- WHAT THE TASK ASKS
Pictures in the material below are to be left out, and only the lines from the line with "Rabatt 💈✨6er-Set Einweg-Haarfärbekämme" up to and including the line with "Waterproof Shower Phone" are to be written out exactly.

- PROVIDED RECORDS

=== Section Start ===

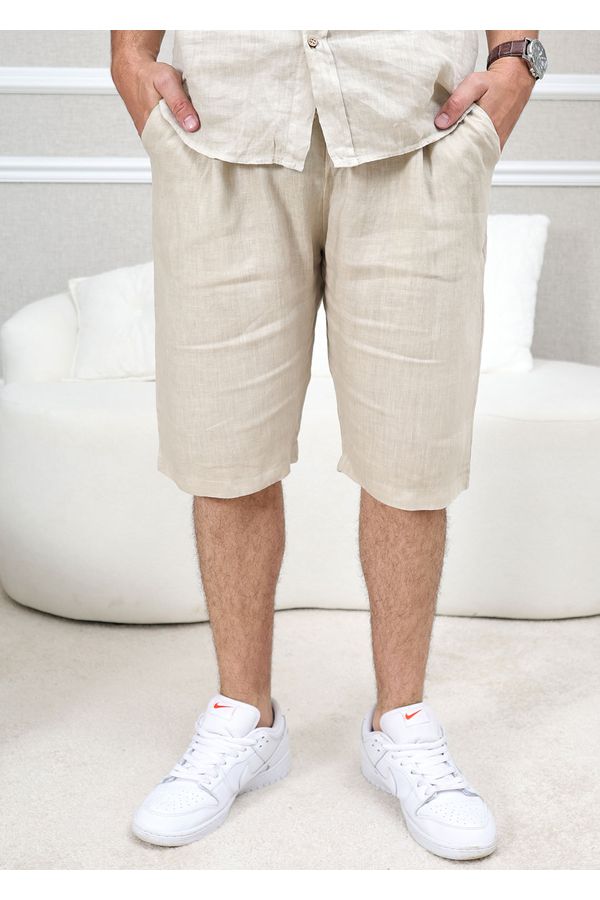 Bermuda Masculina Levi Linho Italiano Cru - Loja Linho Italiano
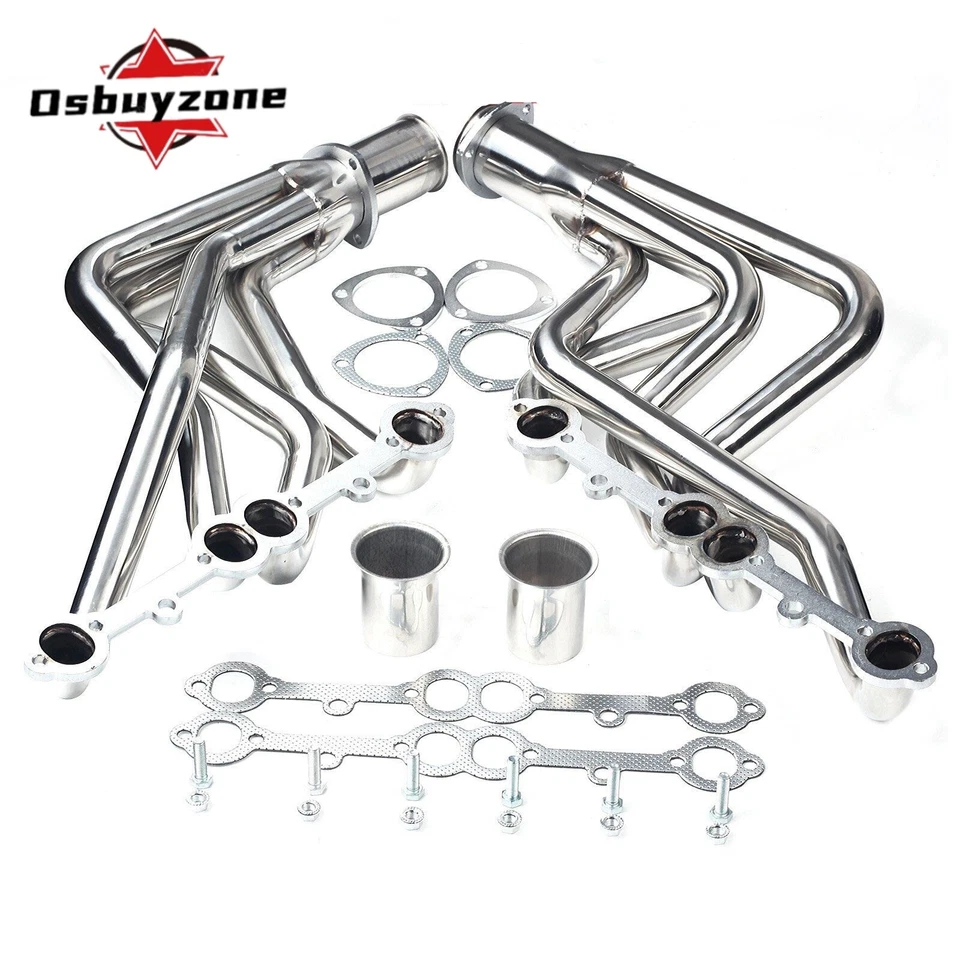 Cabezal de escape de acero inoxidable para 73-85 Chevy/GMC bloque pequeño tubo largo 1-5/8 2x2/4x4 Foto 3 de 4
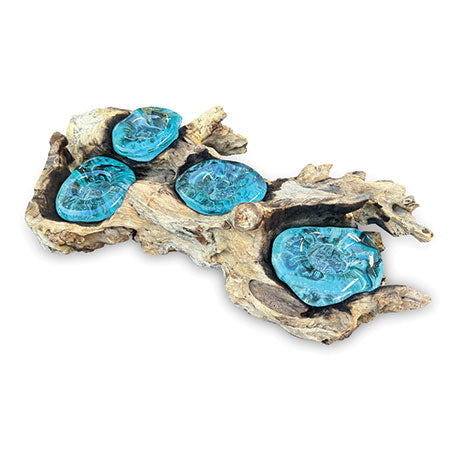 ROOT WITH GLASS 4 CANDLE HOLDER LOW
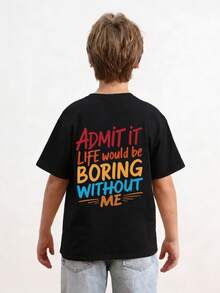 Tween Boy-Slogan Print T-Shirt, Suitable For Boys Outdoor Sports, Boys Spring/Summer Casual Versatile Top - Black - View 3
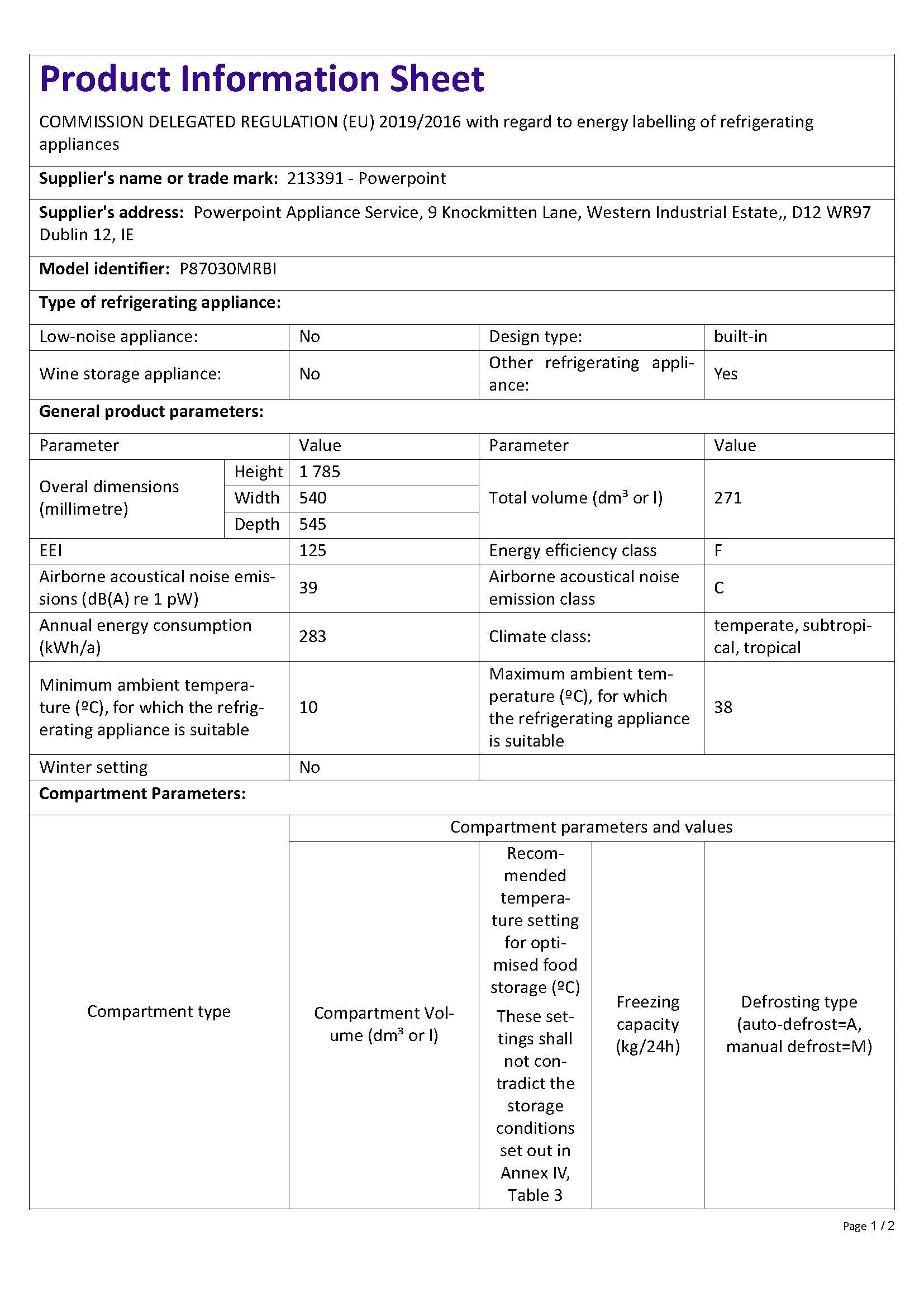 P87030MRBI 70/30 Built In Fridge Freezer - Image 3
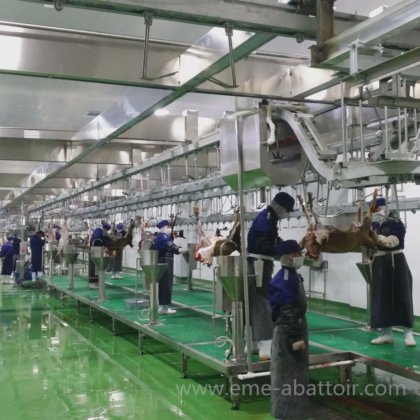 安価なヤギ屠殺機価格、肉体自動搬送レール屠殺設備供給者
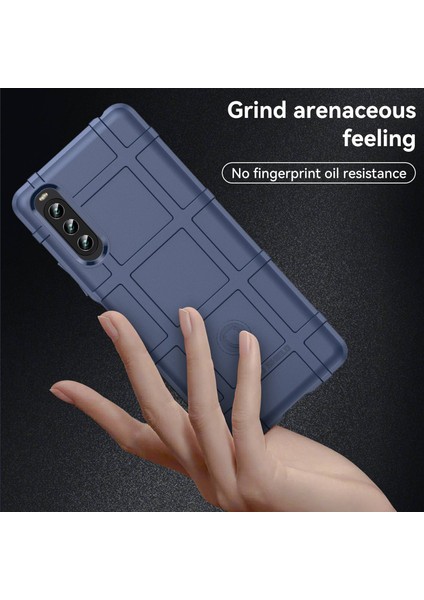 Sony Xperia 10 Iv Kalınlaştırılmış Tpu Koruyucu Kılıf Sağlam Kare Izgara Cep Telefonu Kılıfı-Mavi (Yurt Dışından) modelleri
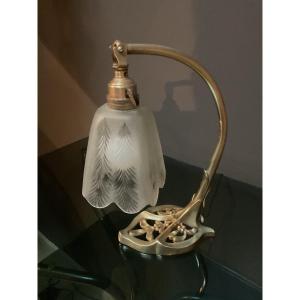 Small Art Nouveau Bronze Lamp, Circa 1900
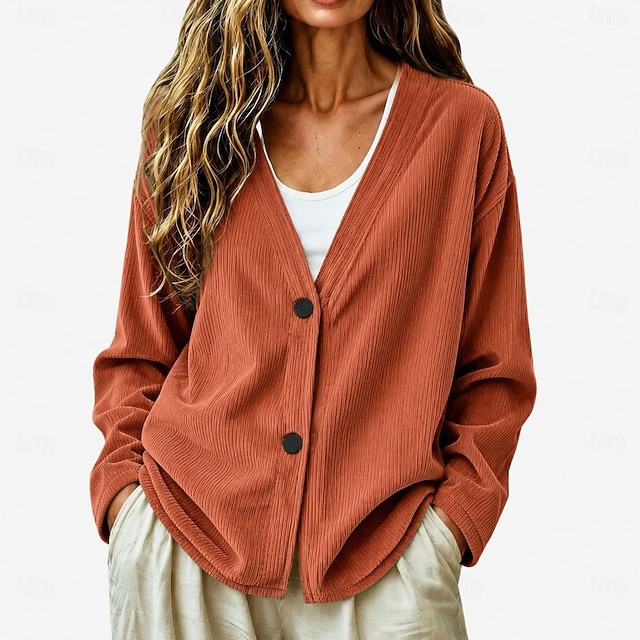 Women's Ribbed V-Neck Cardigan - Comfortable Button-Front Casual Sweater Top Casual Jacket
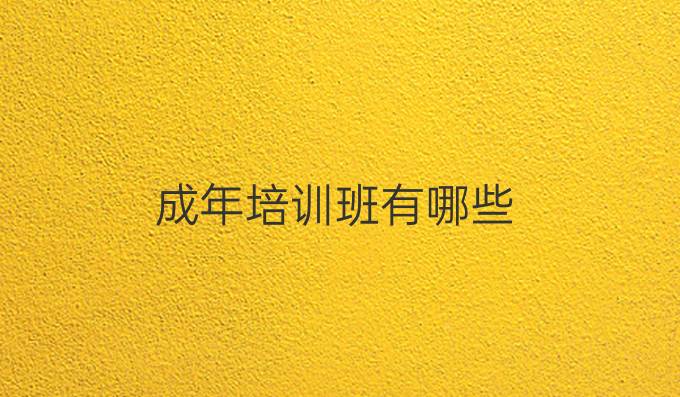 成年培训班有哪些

=== Section End ===
=== Section Start ===

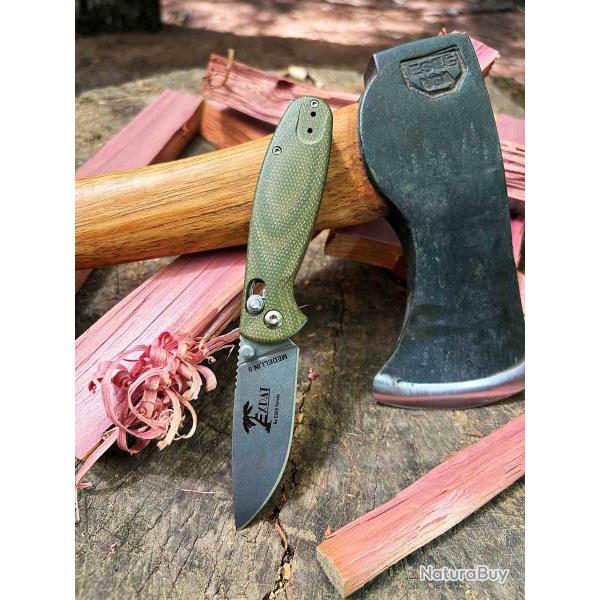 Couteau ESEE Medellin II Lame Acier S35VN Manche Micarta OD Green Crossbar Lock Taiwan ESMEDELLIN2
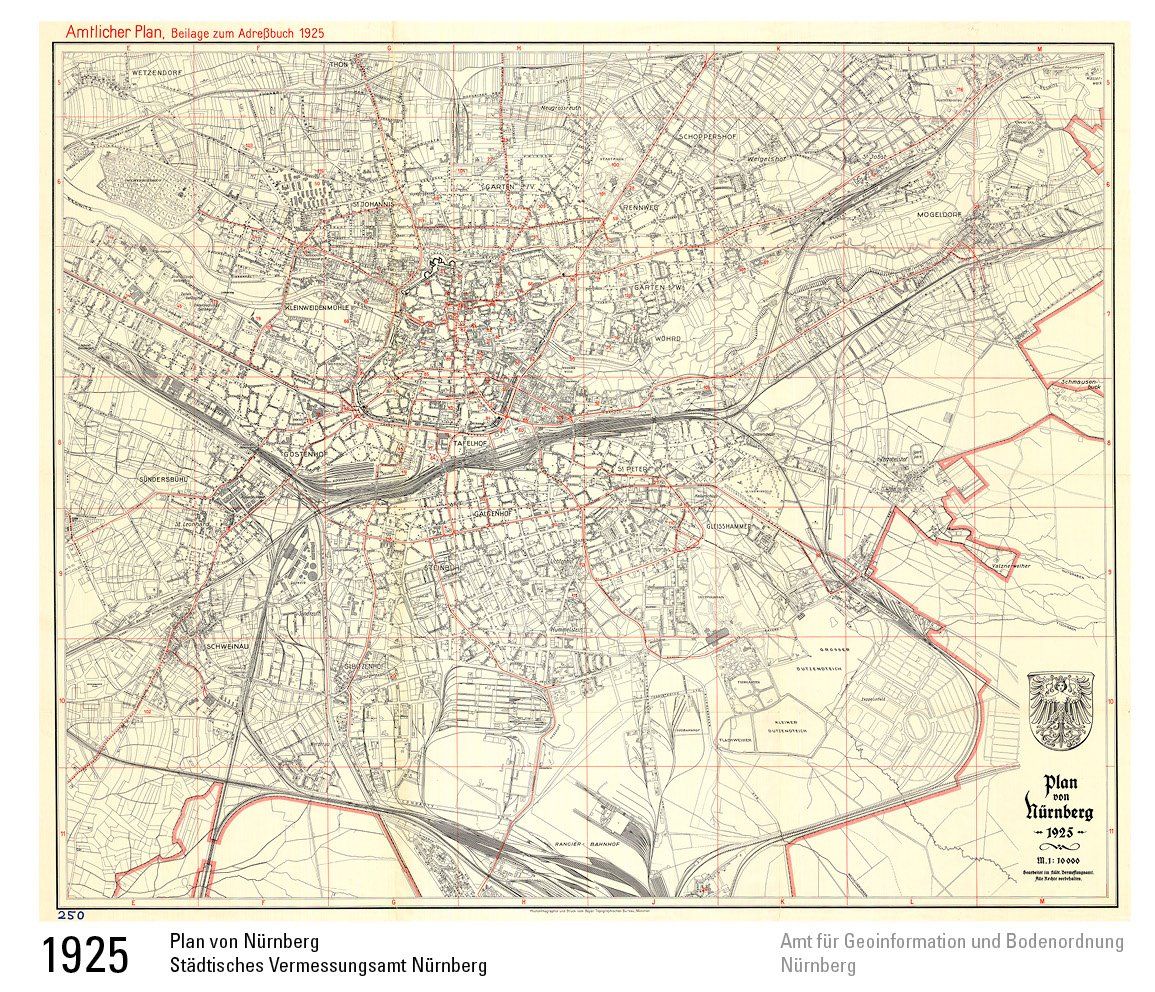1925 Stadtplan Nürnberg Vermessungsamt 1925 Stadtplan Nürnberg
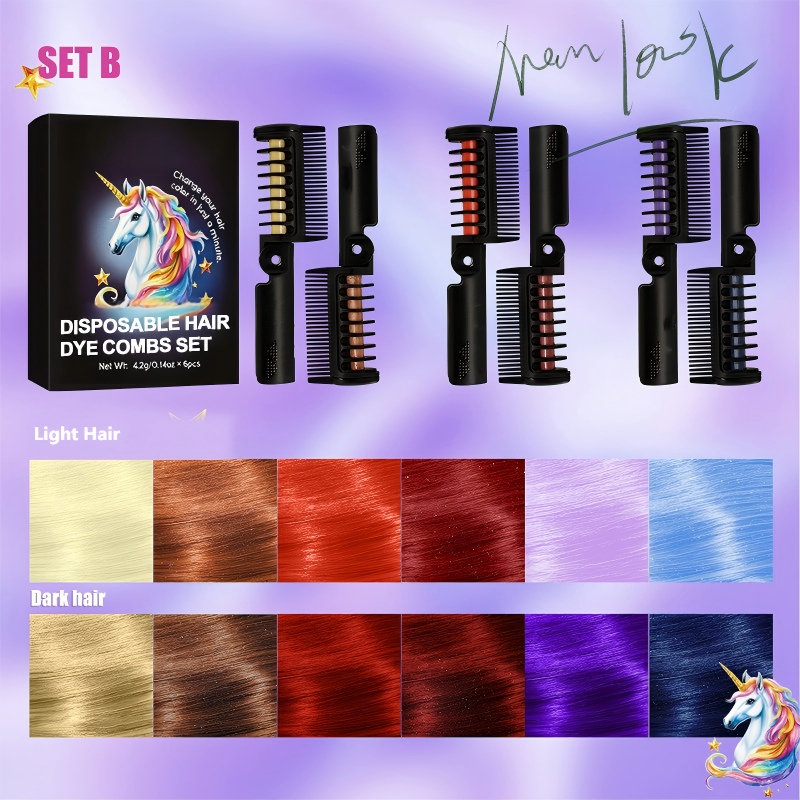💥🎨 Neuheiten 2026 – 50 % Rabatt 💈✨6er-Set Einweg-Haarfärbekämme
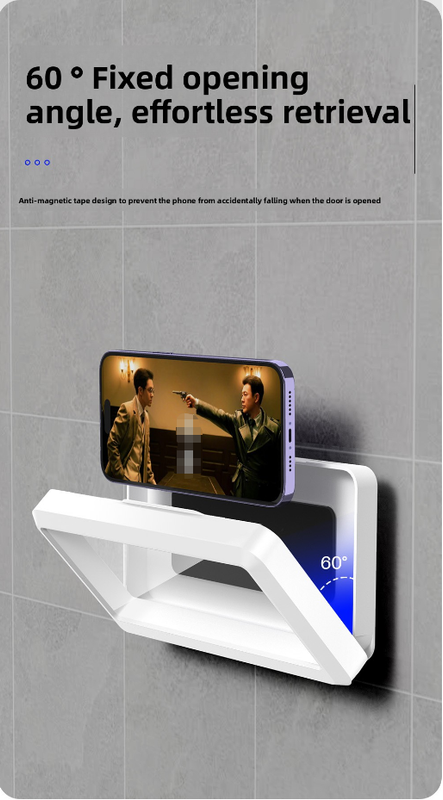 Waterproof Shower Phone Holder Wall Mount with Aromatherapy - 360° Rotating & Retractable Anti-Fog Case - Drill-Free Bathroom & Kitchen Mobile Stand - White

=== Section End ===

- RESPONSE AREA
💥🎨 Neuheiten 2026 – 50 % Rabatt 💈✨6er-Set Einweg-Haarfärbekämme
 Waterproof Shower Phone Holder Wall Mount with Aromatherapy - 360° Rotating & Retractable Anti-Fog Case - Drill-Free Bathroom & Kitchen Mobile Stand - White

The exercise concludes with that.